My first work using handmade botanical inks was The Mill River and her Ephemerals, painted in spring of 2023. It is a map of the Mill River watershed featuring four native wildflowers—wild ginger, bloodroot, rue anemone, and trout lily—rendered in pigments I had extracted from plants found in the area depicted. From the beginning, I was drawn to this idea of material continuity: that the ink on the page could come from the same place, even the same organism, as the subject of the painting. The image is not merely a representation but a translation of the plant into another form.

It is essential to me that my practice is sustainable, grounded in ethical foraging, and connected to seasonal rhythms. My approach to harvesting is shaped by the Honorable Harvest, a framework articulated by Robin Wall Kimmerer in Braiding Sweetgrass. Kimmerer is an author, scientist, professor, and enrolled member of the Citizen Potawatomi Nation, and her principles guide how I move through the landscape and what I take from it. In practice, this means I research each plant before collecting—its history, physiology, and ecological function. I move through the landscape with care, making sure not to disturb other species. When I collect directly from a living plant, I do so in a way that does not harm its ability to survive or reproduce. I only harvest when I see a species in multiple locations over a certain area, and even then, I take no more than ten percent of what I find. More often than not, I am surprised by encountering an abundance of material and decide to collect it simply to see what will happen.
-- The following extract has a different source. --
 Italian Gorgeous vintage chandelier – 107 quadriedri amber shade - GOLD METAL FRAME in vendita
My methodology is rooted in perception and meditation: to paint is to notice, to slowly observe until the vitality of matter reveals itself. Each image arises from the specific ecological conditions that shape its materiality—the soil it grew in, the rain it drank, the rhythm of light during photosynthesis. Where much contemporary image-making abstracts nature into data, my approach is to witness the presence of material itself, to experience pigment not as an inert substance but as a trace of exchange between land, air, water, and human attention. I seek to cultivate an intimacy with the sources of their color: the chlorophyll-green that once shimmered through a leaf, or the umber drawn from a local burn scar. This is not about imparting information, but imparting a very specific encounter.
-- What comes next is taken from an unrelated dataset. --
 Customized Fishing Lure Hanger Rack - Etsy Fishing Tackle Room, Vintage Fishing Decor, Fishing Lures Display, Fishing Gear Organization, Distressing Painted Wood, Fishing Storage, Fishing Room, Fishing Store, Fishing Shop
The process begins with walking. Bioregional walks are meditations in motion, guided by curiosity, attentiveness, and receptivity. Each discovery—a fallen cone, a pocket of ocherous clay—suggests both a pigment and an ecological interaction. In the studio, I transform foraged samples through methods of hand-grinding, boiling, and distillation, allowing each material to reveal its own chromatic language. The meditative aspects of material preparation cultivate awareness of interdependence and impermanence—core principles shared across ecological science and contemplative practice.

As an artist, I find joy in the conscious witnessing of nature. Because the natural world is a living system in constant flux, that joy is often coupled with the grief of transformation. I began making botanical ink to create tangible materials that celebrate my relationships with plants—not just depictions, but substances drawn from the same source as the subject. A painting made with dawn redwood ink is not only an image of the tree; it is the tree, translated into another form. By bridging art, ecology, and contemplative practice, this work envisions creativity as a method of repair: a way to remember that the earth does not merely surround us, but composes us.